He sought other law students who would participate in a letter-writing campaign aimed at painting me as a political partisan and radical feminist. His failure to find law students willing to engage in the task did not dissuade him. He went to an undergraduate fraternity, which sent pre-drafted letters to senators. They targeted the senior senator from Oklahoma, David Boren. Only one student who allowed his name to be used would assert anything about my politics. Yet neither he nor the student who was responsible for enlisting the fraternity participation in the campaign had ever been in one of my classes, and neither had I discussed politics with either of them. To the students involved, many of whom were eighteen or nineteen, the effort to discredit me must have seemed like sport.
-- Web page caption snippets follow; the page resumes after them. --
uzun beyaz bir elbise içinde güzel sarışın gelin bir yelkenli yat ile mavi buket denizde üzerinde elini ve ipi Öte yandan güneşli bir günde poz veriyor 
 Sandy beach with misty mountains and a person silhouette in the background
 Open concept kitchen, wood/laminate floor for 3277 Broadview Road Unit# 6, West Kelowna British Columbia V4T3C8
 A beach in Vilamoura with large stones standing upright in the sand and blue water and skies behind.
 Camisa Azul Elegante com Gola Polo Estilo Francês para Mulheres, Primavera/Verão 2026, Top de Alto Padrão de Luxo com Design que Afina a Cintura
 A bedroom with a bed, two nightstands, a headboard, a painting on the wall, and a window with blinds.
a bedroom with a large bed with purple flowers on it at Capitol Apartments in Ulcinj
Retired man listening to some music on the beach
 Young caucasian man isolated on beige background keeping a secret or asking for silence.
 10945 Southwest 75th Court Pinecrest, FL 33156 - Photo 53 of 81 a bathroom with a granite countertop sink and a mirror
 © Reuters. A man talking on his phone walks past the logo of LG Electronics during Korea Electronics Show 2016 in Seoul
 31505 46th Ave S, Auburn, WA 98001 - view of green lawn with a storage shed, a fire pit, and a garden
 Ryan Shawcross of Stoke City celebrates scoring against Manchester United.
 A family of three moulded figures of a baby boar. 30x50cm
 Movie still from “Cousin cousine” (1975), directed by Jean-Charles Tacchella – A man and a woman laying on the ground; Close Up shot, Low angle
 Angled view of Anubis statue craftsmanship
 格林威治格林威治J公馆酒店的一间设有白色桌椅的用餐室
The letter-writing campaign might have seemed to them like a fraternity prank that they had all probably participated in at some point. It was, I am convinced, little more than a game to them—a game in which they had nothing to lose, but from which they could gain the political favor of a powerful Washington elite. The real pity is that these students were encouraged to participate in the sport by adult men who had been elected and sworn to protect the rights of the citizens of the country. It is a sad commentary and no coincidence that the students enlisted for this crusade, from both Oral Roberts and Oklahoma Universities, were all white males.

S
enator Simpson used the letters solicited from the fraternity members to stage his dramatic claim. “I have all kinds of incriminating stuff coming over the transom. I’ve got letters hanging out of my pocket,” he said, flapping his jacket. “I’ve got faxes, I’ve got statements from her former law professors, statements from people that know her, statements from Tulsa, Oklahoma, saying, ‘Watch out for this woman.’ But nobody’s got the guts to say that, because it gets tangled up in this sexual harassment crap. I believe that sexual harassment is a terrible thing … [but] I don’t need any test, don’t need anybody to give me the saliva test on whether one believes more or less about sexual harassment … So if
we had one hundred and four days to go into Ms. Hill and find out about her character, her background, her proclivities, and all the rest, I’d feel a lot better about this system.”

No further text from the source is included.